Yanımdan geçen insanlardan bakışlarımı alıp benim adımlarıma ayak uydurarak yürüyen Tufana baktığımda yüzüme yayılan kocaman gülümsemeyi durduramıyordum. Ona her baktığımda kocaman gülümsemem çok ayıp mıydı? Annem olsa kızar mıydı diye düşündüm. Hayır, şüphesiz kızmaz benim bu halimden o da büyük bir zevk alırdı. Her zaman benim özgürce gülümsememi istediğini bilirdim.

"Şu mağazaya da bakalım mı? Güzel kıyafetler var gibi duruyor, ne dersin?" Mağazanın vitrininde olan gözlerini bir anda üzerime çevirince ne yapacağımı şaşırarak başımı hızla önüme çevirdim. Ona bakarak güldüğümü fark etmiş miydi acaba? Her fırsatta baktığımı düşününce onun fark etme ihtimaline verdiğim yüzde artıp duruyordu. Rezil olmuştum. Utancımdan kızarmaya başlayan yanaklarımın sıcaklığını hissettikçe daha da utanıyordum.

"Birce, bir sorun mu var? Çok mu üşüdün?" Son sorusuna cevap olarak başımı hafifçe ona doğru çevirip olumsuz anlamda iki yana salladım.

Bir adım daha atarak bana daha çok yaklaştığında gözlerim şaşkınlıkla büyüdü. Benim şaşkın halimin tersine o rahat bir yüz ifadesiyle boynumdaki atkıyı çıkararak kendi boynundaki atkıyı boynuma doladı.

"Çok ince bu atkı hadi gidip sana kalın bir atkı alalım. Hem de şu mağazadan elbise bakarız."

"İyi de orası kadın mağazası." Fısıltı halinde çıkan ses tonum üzerine kocaman gülümsedi. Yüzündeki gülümsemeyle bana bakınca karnımın ağrımaya başladığını hissettim. Peki kalbim... Neden bu kadar hızlı atıyordu ki? Elinde olsa göğüs kafesimi parçalayıp Tufan'ın ayaklarının dibinde atmaya devam edecekmiş gibi hissediyordum. Hiç normal olmayan bu hislerin beni korkutması gerekirken beni mutlu etmeleri kalbimin durumundan daha garipti belki de.

"Sana erkek mağazasından kıyafet bakamayacağımıza göre bu mağazaya girmeliyiz."

"Bana kıyafet mi alacağız?"

"Düğüne benimle birlikte gelmiyor musun? Oysa ben senin içinde uçak bileti almıştım ayrıca Hemşire Hanım seni görünce çok sevinirdi." İşittiğim sözler üzerine içten bir şekilde gülümseyip titreyen ses tonumla teşekkür ettim.

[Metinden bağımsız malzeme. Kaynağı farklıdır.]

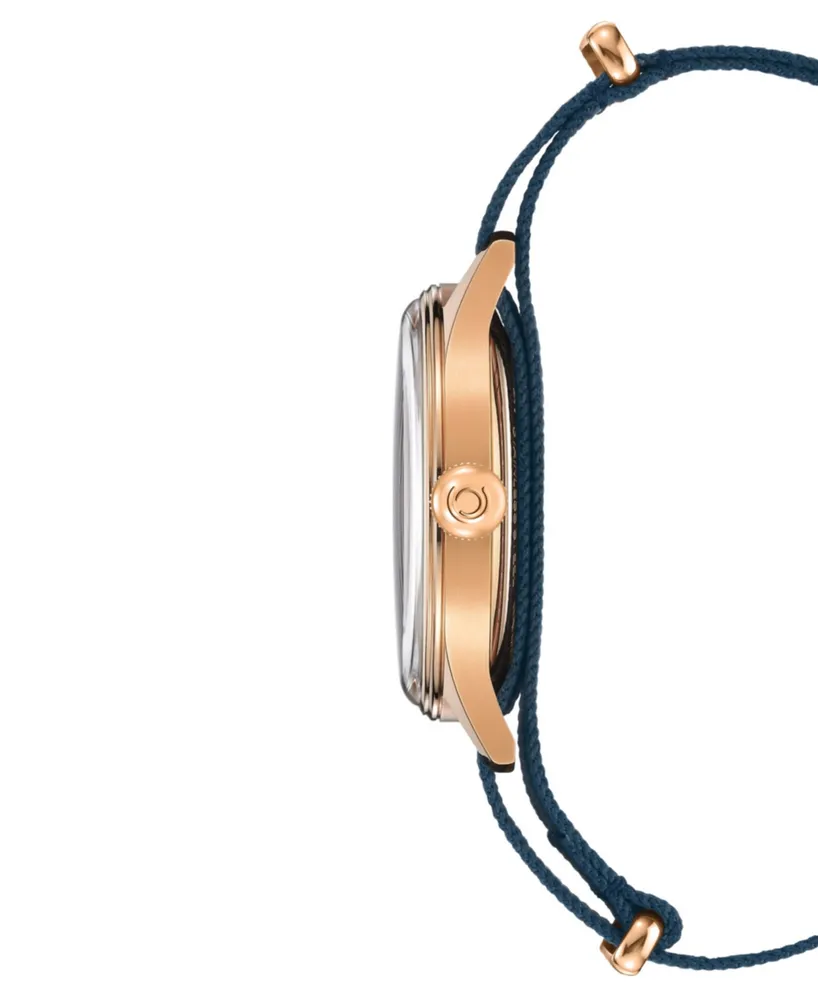 Certina Men's Swiss Automatic Ds Blue & Orange Stripe Synthetic Strap Watch 41mm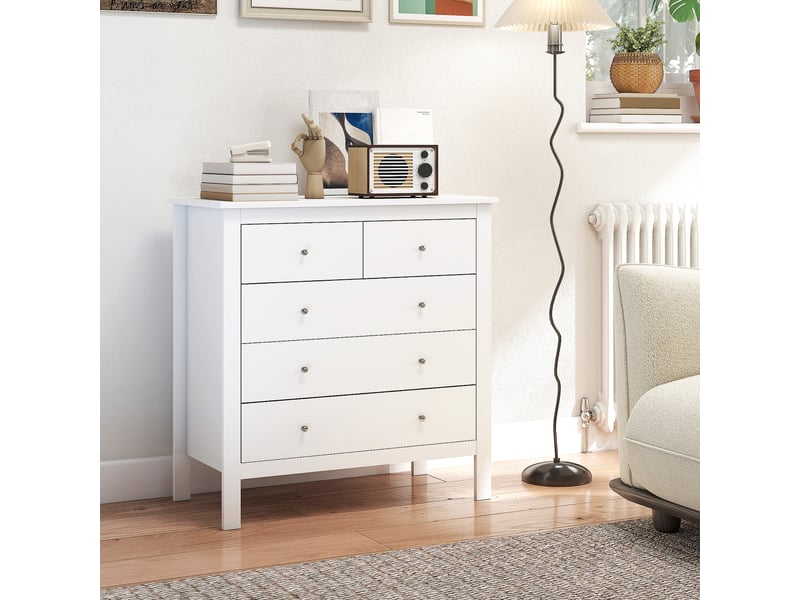  Commode, buffet, ouverturefermeture silencieuse, dispositif anti-basculement, 79 x 39,5 x 80,5 cm, blanc  - Conforama C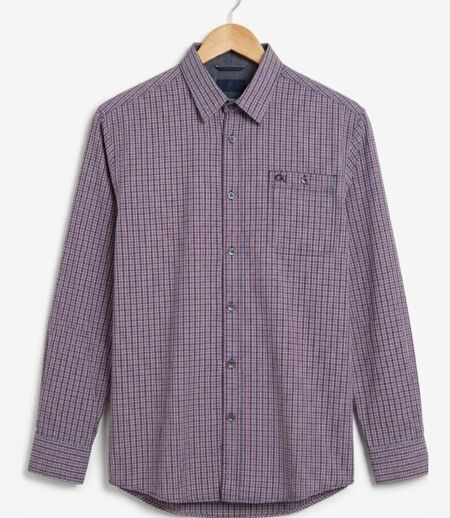 CHALLENGER TORY1 — Chemise à carreaux manches longues rouge et bleu : confort léger en popeline de coton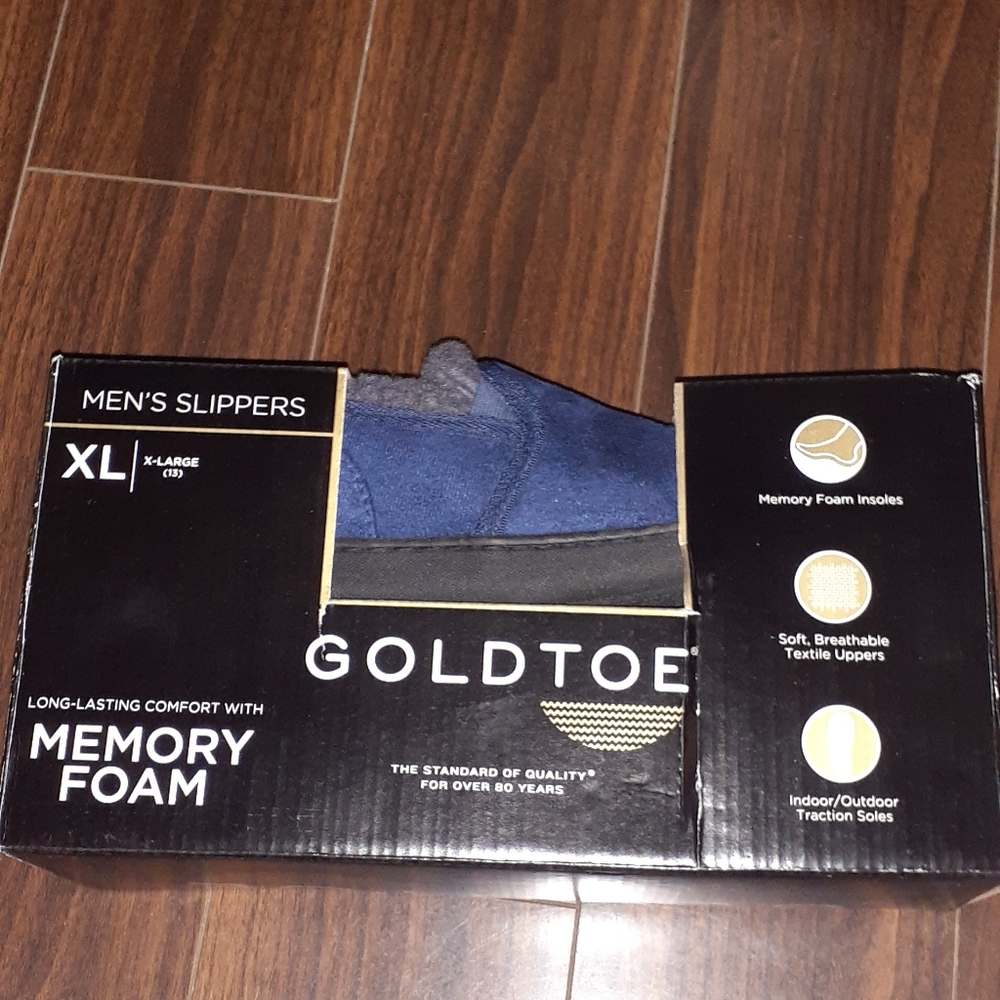 NEW GOLDTOE MEN'S INDOOR/OUTDOOR SOLE SLIPPERS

Elimi kocaman elinin içine aldığında durdu ve kaşlarını çattı.

"Ellerin buz gibi olmuş neden söylemiyorsun?" Bir şey söylemeyip sessiz kaldığında derin bir nefes alıp elimi daha sıkı kavradı. Yavaş adımlarla mağazaya doğru ilerlerken etrafa kısa bir bakış attıktan sonra boynumu eğerek yüzümü Tufan'ın atkısına gömdüm. Kokusu burun deliklerimden içeri sızarken atkının sıcaklığı soğuktan uyuşmuş çenemi ve dudaklarımı gevşetti.

...

Garsonun elindeki tabakları önümüze koyarken bakışlarım masanın yanındaki poşetlere takıldı. Ne kadar itiraz etsem de bana bir sürü şey almıştı. Ayrıca bana ders çalışmam için soru bankaları, kaynak kitap, defter ve renkli kalemler bile almıştı. Benim için bir sürü şey yapıyor ve parasını harcıyordu. Kendimi ona yük oluyormuş gibi hissetmeden yapamıyordum.